## COLLECTED DATA
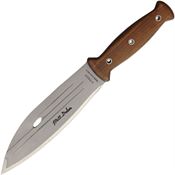 Condor K2428 Primitive Bush Fixed Stainless Blasted Satin Finish Blade Knife with Brown Hardwood Handle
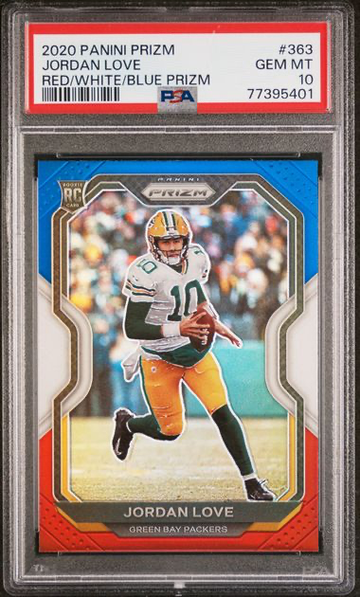 2020 Panini Prizm Jordan Love Red/White/Blue Prizm PSA 10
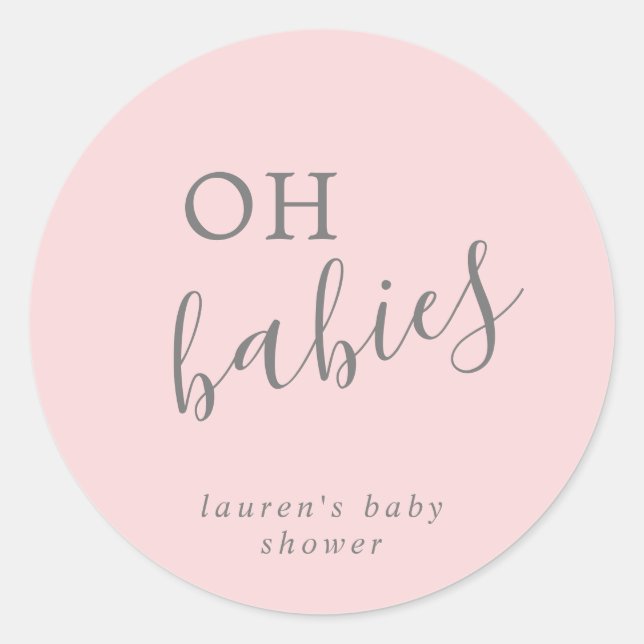 Sticker Rond Baby shower simple mignon rose fille jumeaux (Devant)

## WORK REQUIRED
Reproduce all of the data exactly, omitting each picture it holds.

## SOLVED PROBLEM
 Condor K2428 Primitive Bush Fixed Stainless Blasted Satin Finish Blade Knife with Brown Hardwood Handle
 2020 Panini Prizm Jordan Love Red/White/Blue Prizm PSA 10
 Sticker Rond Baby shower simple mignon rose fille jumeaux (Devant)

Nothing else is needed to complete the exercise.